Unfortunately, it is only a start.
Last week, the governor announced his plan to close an estimated $600 million gap in the state budget, just four months into the fiscal year.
He deserves credit for making no calls for broad-based tax increases, like the 25 percent hike in the sales tax that took effect Aug. 1. Instead, he said he is prepared to lay off up to 2,000 state workers, and order furloughs for about 4,000 managers in the executive branch — things that have been happening to those in the private sector for most of this decade.
He is pushing unions for contract concessions. He proposed eliminating two of the most infamous holidays — Bunker Hill Day and Evacuation Day — blatant examples of state employees living large while those who pay the bill suffer.
And, for the most part, Patrick is protecting education funds from cuts, although he eliminated $18 million from regional school busing, $5.2 million from charter school reimbursement and $32 million from the University of Massachusetts.
But there is still too little reform to accompany those cuts. The governor wants to use $62 million in federal stimulus money — money that is supposedly for promoting job growth in the private sector — to prop up government jobs.
Many of the announced cuts are from human services, while the anti-privatization Pacheco law that is a giveaway to unions and costs taxpayers hundreds of millions a year in inflated construction costs, remains untouched.
As Senate Minority Leader Richard Tisei, R-Wakefield, noted, there were no calls for major reform like a state hiring freeze or a wage freeze that could cut costs and preserve services.
And there are other less overt efforts to squeeze more money out of struggling taxpayers. Patrick is seeking authority for cities and towns to install "red light cameras," to make it easier for communities to collect vast new sums of money for traffic violations. He is proposing new insurance charges to fund municipal police training.

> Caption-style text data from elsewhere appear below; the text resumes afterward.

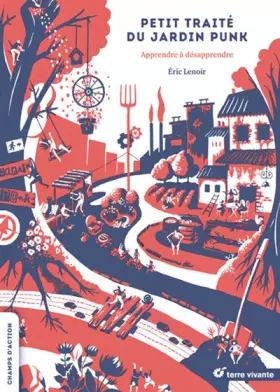 Couverture du produit · Petit traité du jardin punk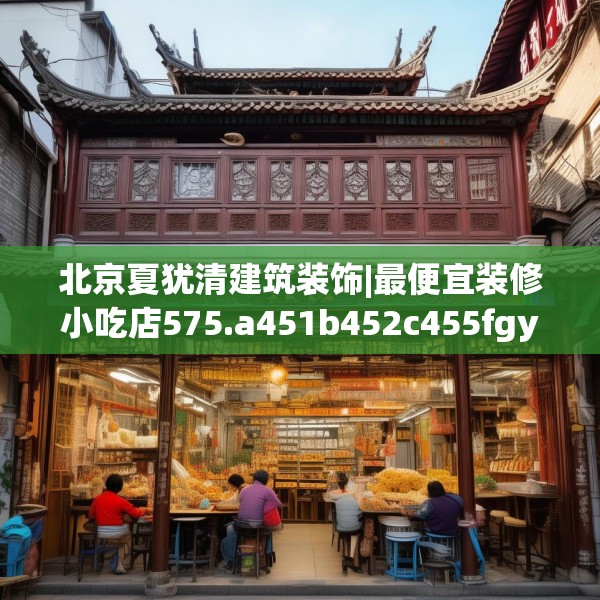 北京夏犹清建筑装饰|最便宜装修小吃店575.a451b452c455fgy.462bnbn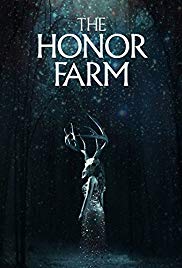 The Honor Farm (2017) Free Movie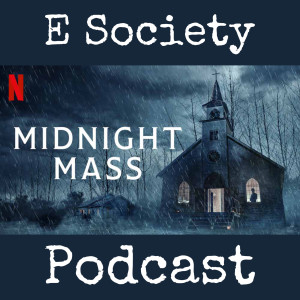 E Society Podcast - 31 Days of Horror: Midnight Mass (2021)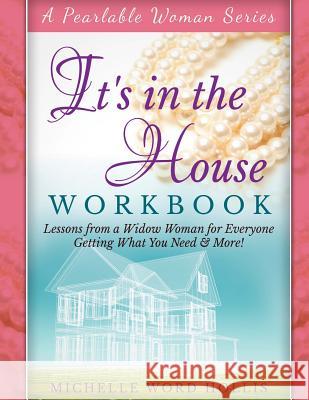 It's in the House: Workbook Michelle Word Hollis 9781502534743 Createspace - książka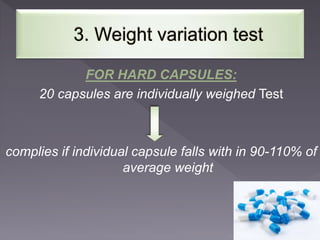 FOR HARD CAPSULES:
20 capsules are individually weighed Test
complies if individual capsule falls with in 90-110% of
average weight
 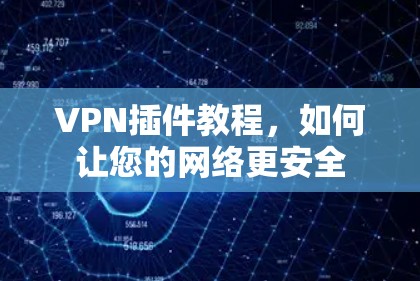 VPN插件教程，如何让您的网络更安全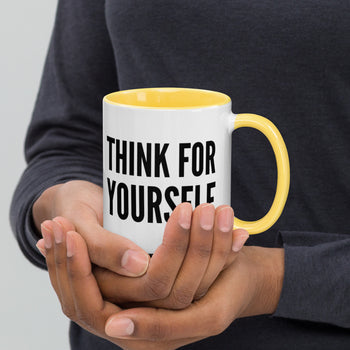 Think For Yourself Mug with Color Inside - Proud Libertarian - NewStoics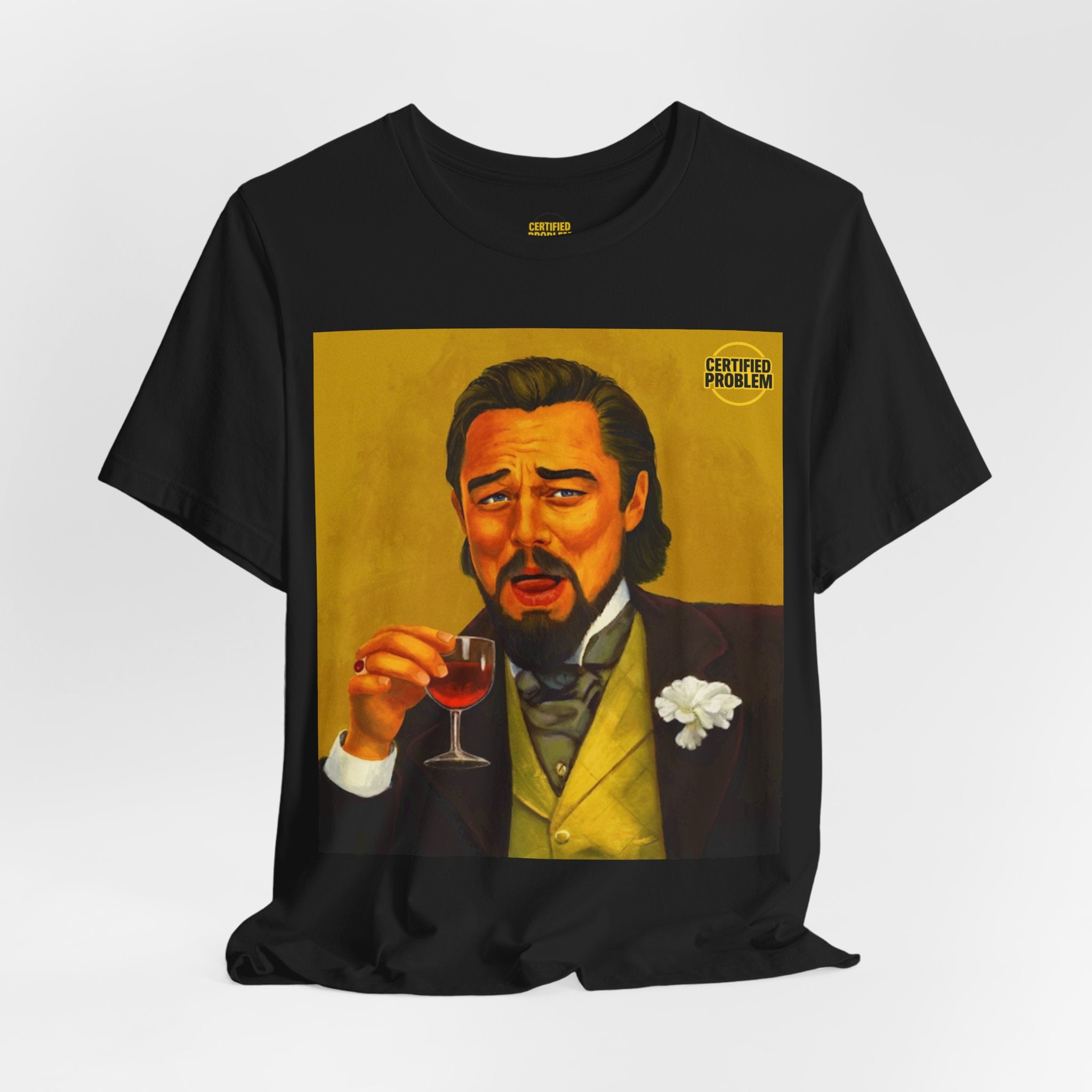 CERTIFIED PROBLEM™ Meme Tee – Wear Your Mood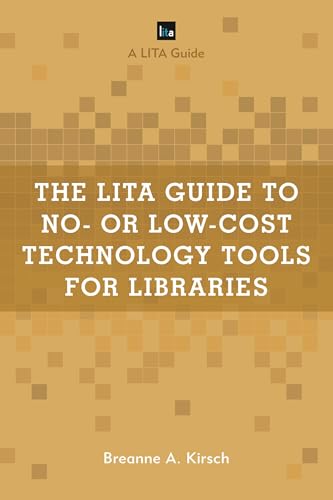 LITA Guide to No- or Low-Cost Technology Tools for Libraries, The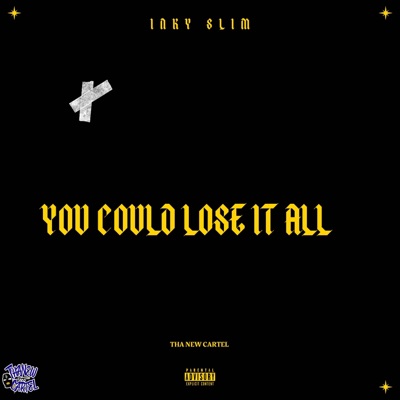 You Could Lose It All - Single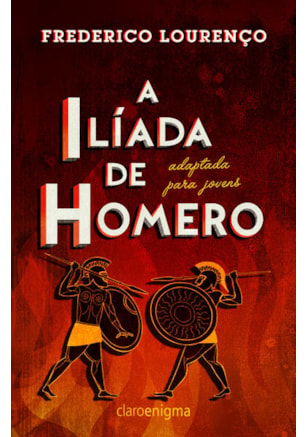 A ilíada de Homero adaptada para jovens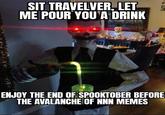 SIT TRAVELVER, LET ME POUR YOU A DRINK ENJOY THE END OF SPOOKTOBER BEFORE THE AVALANCHE OF NNN MEMES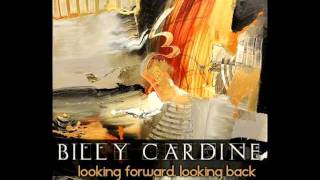 Billy Cardine: Looking Forward, Looking Back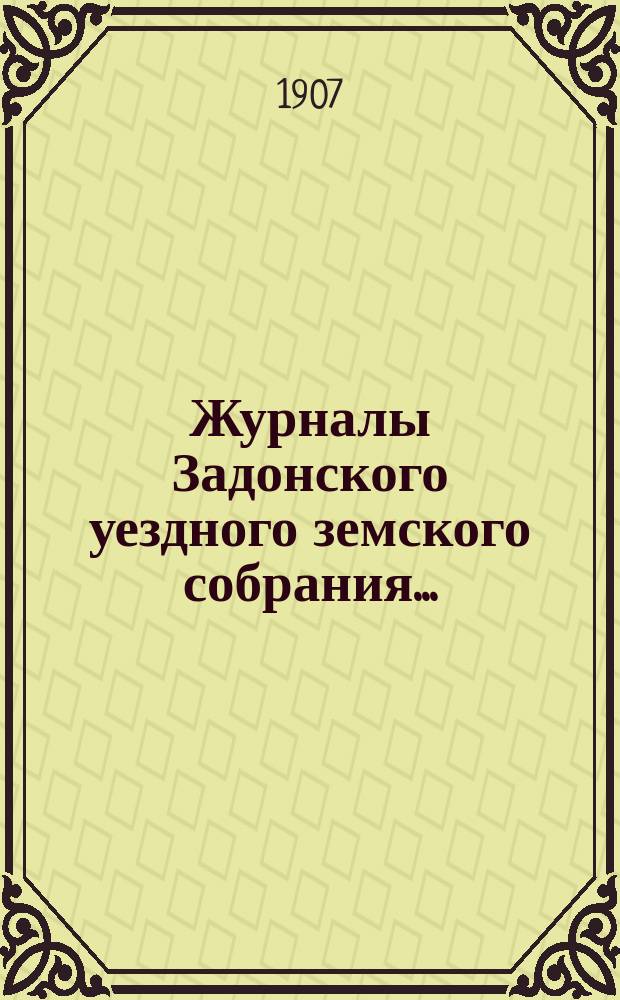 Журналы Задонского уездного земского собрания.. : С докл. Управы и прил. к ним. чрезвычайного&hellip; на 14-е февраля 1907 года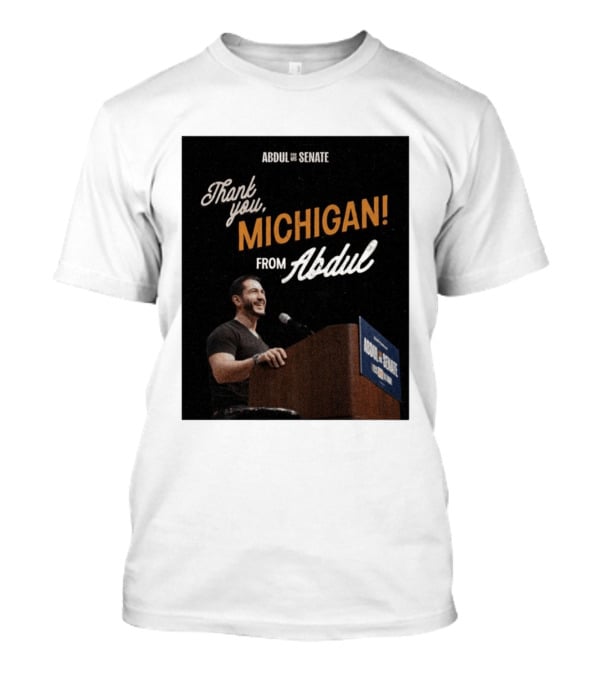 Thank You Michigan Abdul For US Senate T-Shirt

Beyond that, while his fingerprints are not directly on it, he knows some legislators are now hard at work trying to find a way to remove the sales tax exemption for services — a prospect that could suck another $6 billion from taxpayers.
This is not the way to restore economic health, and tax revenue, to the state. The sales tax increase hasn't done it — September revenues were $37 million below expectations, even after the increase. While the national economy finally expanded during the third quarter, by 3.5 percent, it declined by 1.1 percent in Massachusetts. And unemployment continues to grow.
The governor, and the Legislature, have taken some commendable steps toward fiscal responsibility. But they are too few. State government needs more than simple cuts. It needs real reform.